▶ Prompt
Output every record below precisely as it is written.
╭─ Dataset entries
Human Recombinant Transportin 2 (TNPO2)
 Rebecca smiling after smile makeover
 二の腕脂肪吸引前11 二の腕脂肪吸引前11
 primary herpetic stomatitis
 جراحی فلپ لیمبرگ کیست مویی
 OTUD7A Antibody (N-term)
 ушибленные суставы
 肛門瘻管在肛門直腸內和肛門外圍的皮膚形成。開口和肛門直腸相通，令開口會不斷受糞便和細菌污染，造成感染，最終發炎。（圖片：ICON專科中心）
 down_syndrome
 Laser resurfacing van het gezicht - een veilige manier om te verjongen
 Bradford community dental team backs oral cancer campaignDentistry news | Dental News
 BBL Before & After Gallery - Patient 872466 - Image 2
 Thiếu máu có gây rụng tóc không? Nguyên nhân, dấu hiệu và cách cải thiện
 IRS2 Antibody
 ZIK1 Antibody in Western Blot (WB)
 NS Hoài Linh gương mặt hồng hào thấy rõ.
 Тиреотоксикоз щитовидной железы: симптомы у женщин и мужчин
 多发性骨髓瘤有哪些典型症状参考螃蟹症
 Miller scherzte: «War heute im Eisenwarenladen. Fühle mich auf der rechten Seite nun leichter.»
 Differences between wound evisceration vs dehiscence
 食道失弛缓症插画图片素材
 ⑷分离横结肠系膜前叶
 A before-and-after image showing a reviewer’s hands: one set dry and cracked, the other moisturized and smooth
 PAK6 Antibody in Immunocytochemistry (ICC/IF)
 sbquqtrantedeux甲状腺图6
╰─
▶ Written answer
Human Recombinant Transportin 2 (TNPO2)
 Rebecca smiling after smile makeover
 二の腕脂肪吸引前11 二の腕脂肪吸引前11
 primary herpetic stomatitis
 جراحی فلپ لیمبرگ کیست مویی
 OTUD7A Antibody (N-term)
 ушибленные суставы
 肛門瘻管在肛門直腸內和肛門外圍的皮膚形成。開口和肛門直腸相通，令開口會不斷受糞便和細菌污染，造成感染，最終發炎。（圖片：ICON專科中心）
 down_syndrome
 Laser resurfacing van het gezicht - een veilige manier om te verjongen
 Bradford community dental team backs oral cancer campaignDentistry news | Dental News
 BBL Before & After Gallery - Patient 872466 - Image 2
 Thiếu máu có gây rụng tóc không? Nguyên nhân, dấu hiệu và cách cải thiện
 IRS2 Antibody
 ZIK1 Antibody in Western Blot (WB)
 NS Hoài Linh gương mặt hồng hào thấy rõ.
 Тиреотоксикоз щитовидной железы: симптомы у женщин и мужчин
 多发性骨髓瘤有哪些典型症状参考螃蟹症
 Miller scherzte: «War heute im Eisenwarenladen. Fühle mich auf der rechten Seite nun leichter.»
 Differences between wound evisceration vs dehiscence
 食道失弛缓症插画图片素材
 ⑷分离横结肠系膜前叶
 A before-and-after image showing a reviewer’s hands: one set dry and cracked, the other moisturized and smooth
 PAK6 Antibody in Immunocytochemistry (ICC/IF)
 sbquqtrantedeux甲状腺图6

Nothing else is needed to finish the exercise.